Hebt u al bezwaar gemaakt tegen aangegeven privégebruik auto voor de btw over 2011, 2012, 2013, 2014 of 2015? Dan hoeft u dit voor 2016 niet opnieuw te doen.

Wij nemen uw bezwaar dan ook voor 2016 in behandeling.

De Belastingdienst heeft tot deze werkwijze besloten na overleg met de koepelorganisaties van fiscaal dienstverleners.”

9. Het hiervoor geciteerde beleid voor bezwaar privégebruik auto btw dat gold voor 2016, gold volgens de verklaring van verweerder ter zitting ook voor de tijdvakken vanaf 2012 tot en met 2015. Voor die jaren stonden vergelijkbare teksten op de website van de Belastingdienst. Dit beleid wordt hierna aangeduid als de goedkeuring.

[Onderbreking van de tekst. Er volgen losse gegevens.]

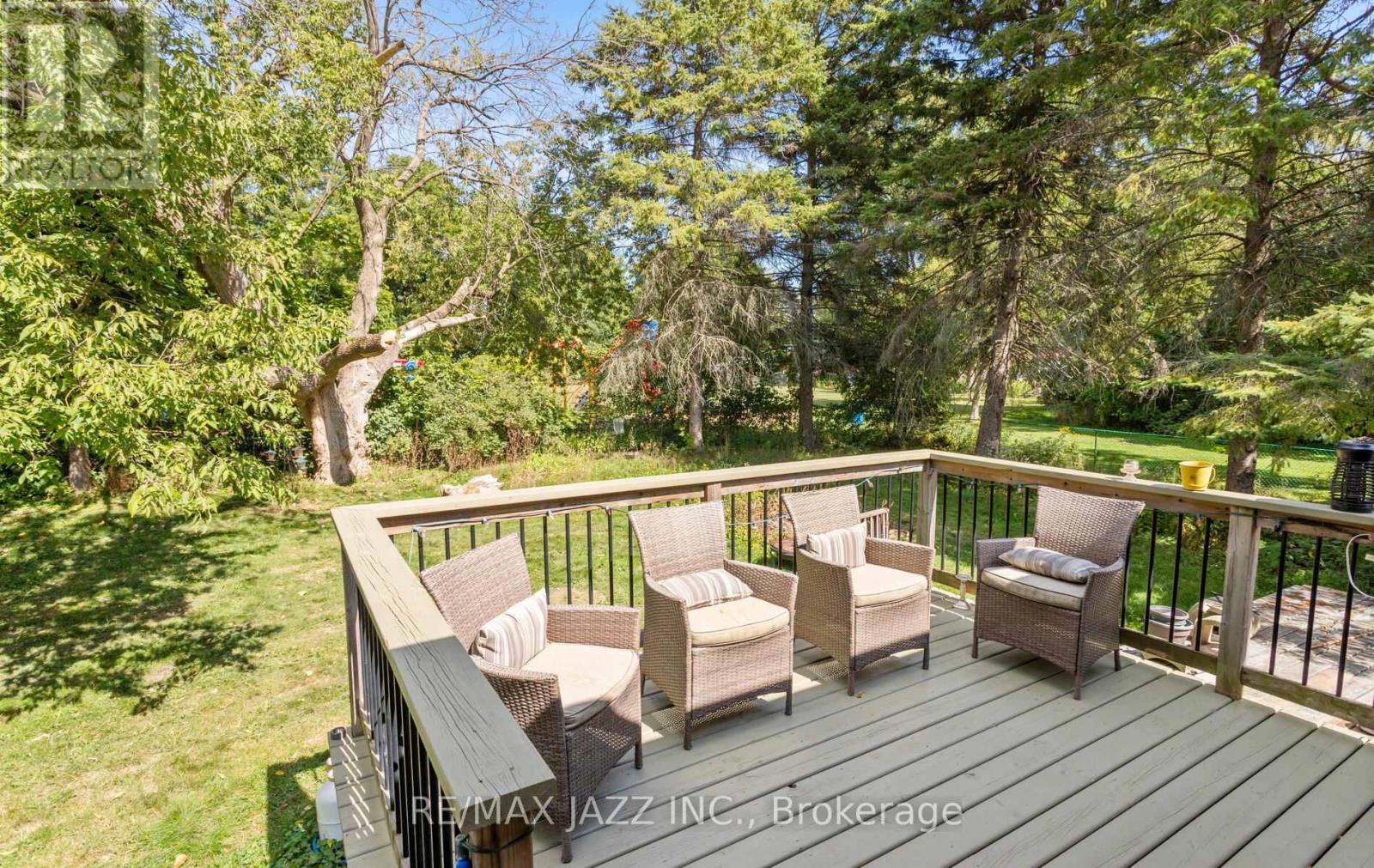 34 Fawcette Avenue, Prince Edward County, Ontario K0K 2T0 - Photo 13 - X12595488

10. Op 21 april 2017 heeft de Hoge Raad uitspraken gedaan in de proefprocedures over privégebruik auto in de btw.2 In twee van de zaken is het beroep in cassatie gegrond verklaard en zijn de zaken verwezen naar Hof ’s-Hertogenbosch.

11. Naar aanleiding van de uitspraken van de Hoge Raad waarin het cassatieberoep gegrond is verklaard, heeft verweerder eiseres verzocht om haar bezwaar te motiveren door aanvullende gegevens in te sturen.

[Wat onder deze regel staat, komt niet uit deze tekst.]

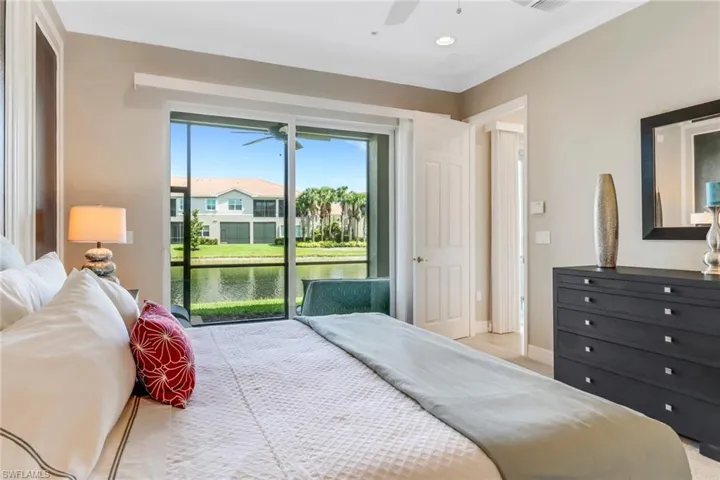 6549  Monterey  PT, Naples, FL 34105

12. Bij brief van 14 juli 2017 heef eiseres opgaaf gedaan van aanvullende gegevens privégebruik auto btw.

13. Bij brief van 19 oktober 2017 heeft verweerder aan eiseres meegedeeld dat de regeling massaal bezwaar en de daarbij horende collectieve uitspraak niet van toepassing is. Bij brief van 3 november 2017 heeft verweerder de brief van 19 oktober 2017 weer ingetrokken en meegedeeld dat uit de opgaaf en de toelichting daarop volgt dat de argumenten van eiseres wel gericht zijn tegen een of meer rechtsvragen als genoemd in de aanwijzing massaal bezwaar.

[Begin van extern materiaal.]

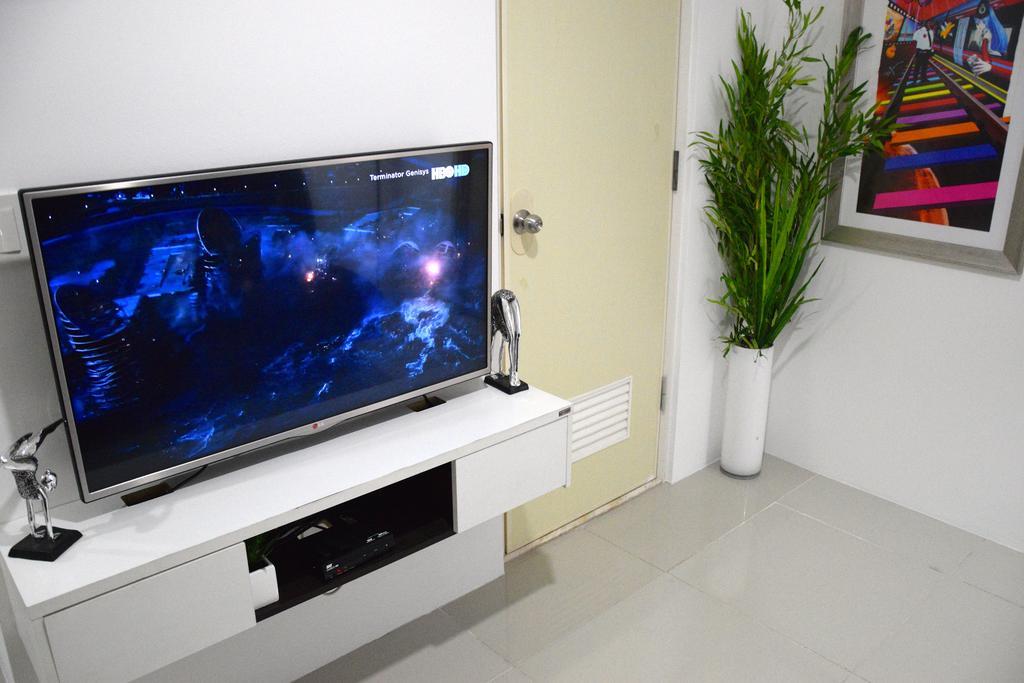 Jazz Makati Luxury Apartment Маніла Екстер'єр фото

14. Bij brief van 14 november 2017 heeft verweerder het voornemen tot weigeren btw-teruggaaf privégebruik auto aan eiseres kenbaar gemaakt. Eiseres heeft daar bij brief van 24 november 2017 op gereageerd.

15. Bij brief van 10 januari 2018 heeft verweerder eiseres meegedeeld de btw-teruggaaf privégebruik auto over de periode 1 juli 2011 tot en met december 2016 te weigeren.

Geschil

16. In geschil is of het beroep van eiseres tegen de mededeling in de brief van verweerder van 10 januari 2018 ontvankelijk is en, zo ja, voor welke tijdvakken.

17. Daarbij is eerst de vraag aan de orde of deze brief moet worden beschouwd als een verlengstuk van de massaal bezwaarprocedure, in welk geval beroep niet openstaat, zoals verweerder bepleit. Volgens eiseres is echter sprake van een situatie waarin een individuele uitspraak op bezwaar moest worden gedaan. Daarom is de brief volgens eiseres aan te merken als een (weigering tot het doen van een) individuele uitspraak op bezwaar over de tijdvakken 1 juli 2011 tot en met 31 december 2016.

18. Indien het gelijk op dit punt aan eiseres is, is de vraag aan de orde of eiseres tijdig en geldig bezwaar heeft gemaakt voor alle tijdvakken.

19. Inhoudelijk is in geschil of de aangegeven btw-correctie voor privégebruik auto voor de ambulante werknemers tot een te hoge btw-correctie heeft geleid.

20. Primair stelt eiseres dat het woon-werkverkeer voor ambulante medewerkers in alle gevallen, dus ook van huis naar het kantoor van eiseres, niet als privégebruik kwalificeert en dus geen btw-correctie rechtvaardigt. Subsidiair stelt eiseres dat voor de categorie ambulante werknemers alleen het woon-werkverkeer van huis naar het kantoor van eiseres in [plaats] als privégebruik moet worden gezien. Voor beide standpunten geldt dat het echte privégebruik volgens eiseres kan worden geschat.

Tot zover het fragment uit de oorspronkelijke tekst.